Research & Papers

Generating Query-Focused Summarization Datasets from Query-Free Summarization Datasets

Turning generic summaries into query-focused data—without human effort

Deep Dive

Researchers Yllias Chali and Deen Abdullah have introduced a novel approach to tackle the scarcity of large-scale datasets for Query-Focused Summarization (QFS). Their paper, published on arXiv (2605.05392), presents an evidence-based model that automatically generates query keywords from existing query-free summarization datasets—those containing only documents and summaries without explicit queries. The method works by extracting evidence-rich terms from the source documents and corresponding summaries, then assembling them into queries that capture the information needs implicitly present in the summary.
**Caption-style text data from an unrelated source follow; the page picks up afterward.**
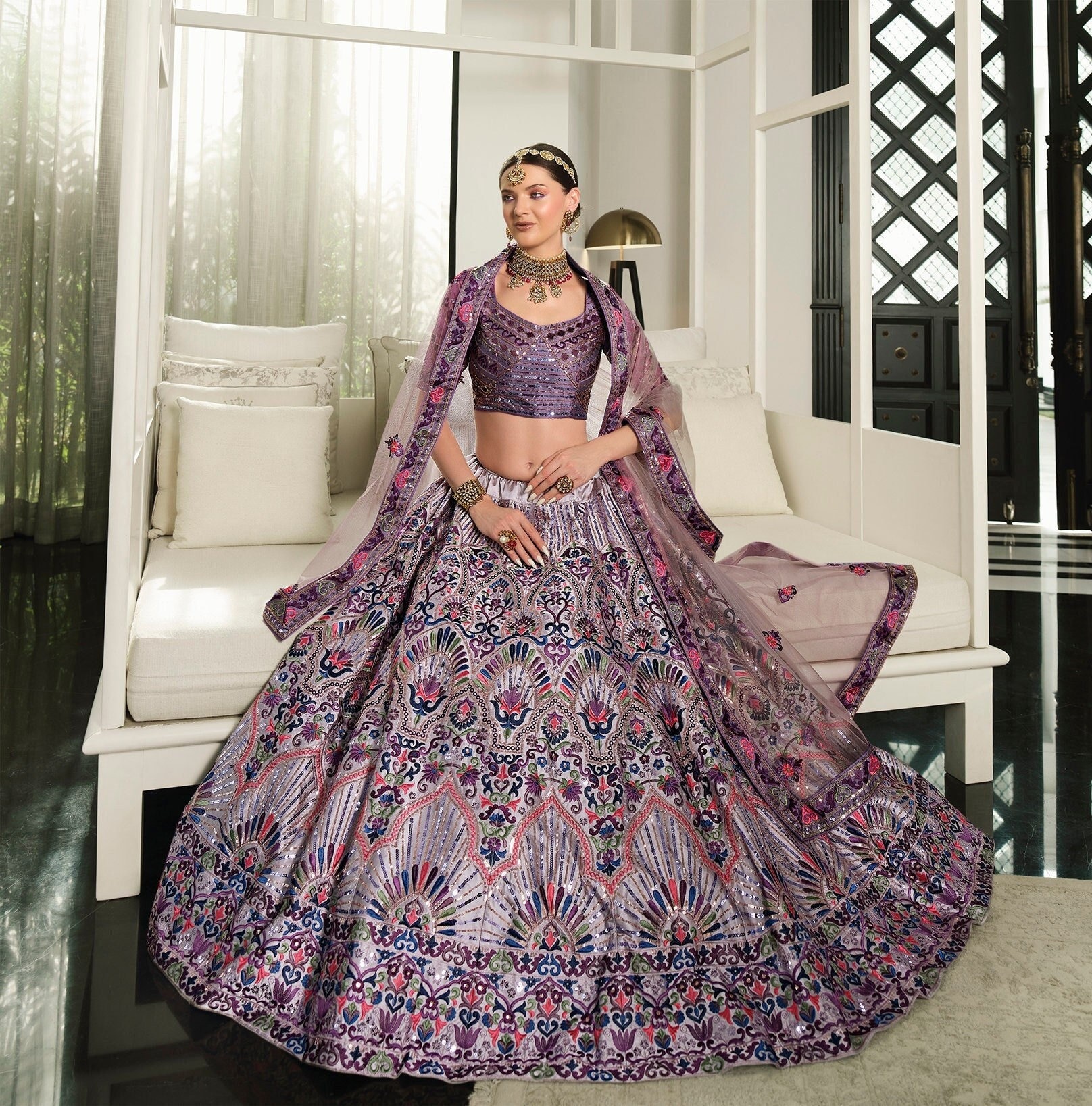 15 Beautiful Purple Lehengas that will Make You Ditch Your Traditional Red  Ones! | Bridal Look | Wedding Blog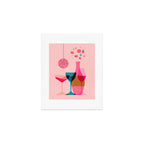 First Bubbly then Disco  Art Print Gallery Image 1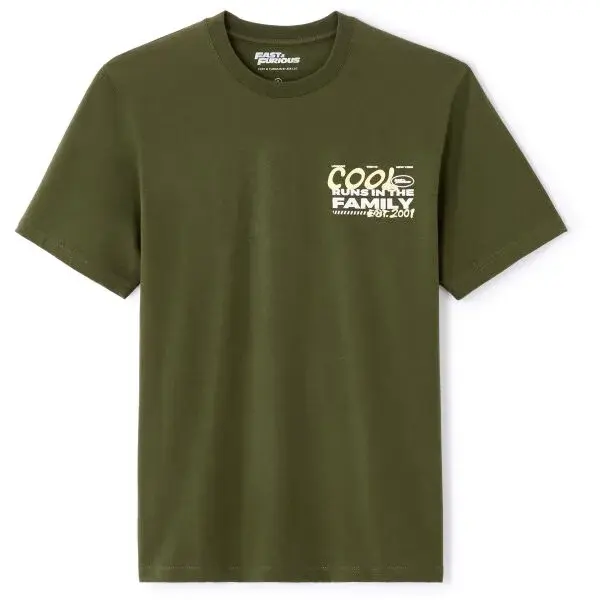 CELIO LLEFASTF Pánské tričko, khaki, velikost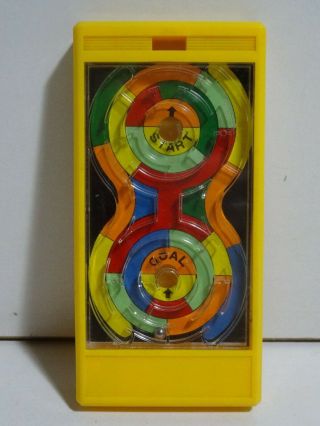 Vintage 1976 Epoch Co.  Ltd.  Hand Held Pinball Maze Game Hong Kong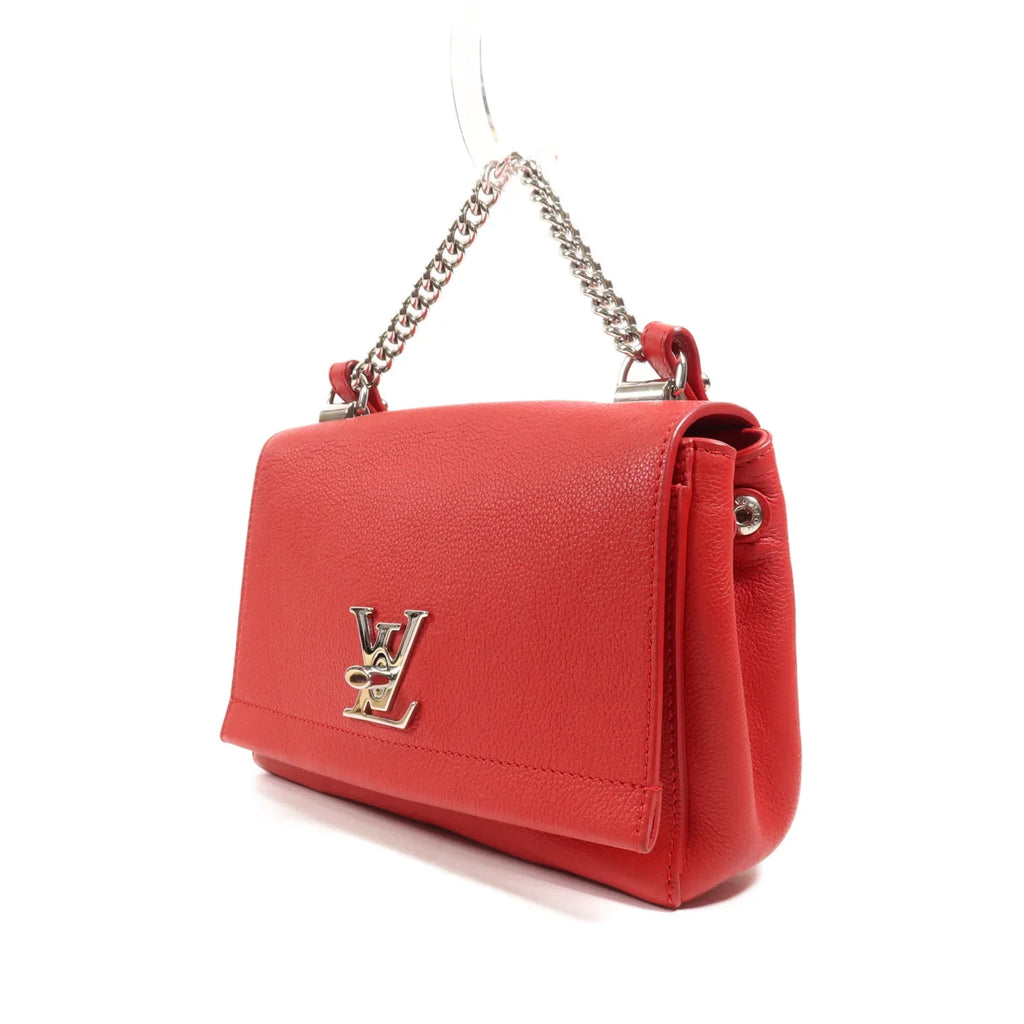 Louis Vuitton Lock Me II BB Red Crossbody Bag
To validate their approach, the team conducted both intrinsic and extrinsic evaluations. Intrinsically, they measured the similarity between system-generated queries and original human-written queries from two standard QFS datasets. Extrinsically, they used the generated queries to train several pre-trained models, including a state-of-the-art QFS model, and compared output summaries. Results showed that summaries generated using evidence-based queries achieved competitive ROUGE scores—a standard metric for summarization quality—against those produced with original queries. The work, spanning 7 pages, effectively demonstrates that query-free datasets can be repurposed for QFS without manual annotation, potentially unlocking vast quantities of training data.

Key Points
  • Proposes an evidence-based model that automatically generates query keywords from query-free summarization datasets
  • Tested on two QFS datasets; summaries with generated queries achieved competitive ROUGE scores vs. original queries
  • Addressed the lack of large-scale QFS training data by repurposing existing query-free datasets

Why It Matters

Enables AI teams to repurpose millions of query-free summaries for query-focused tasks without costly human annotation.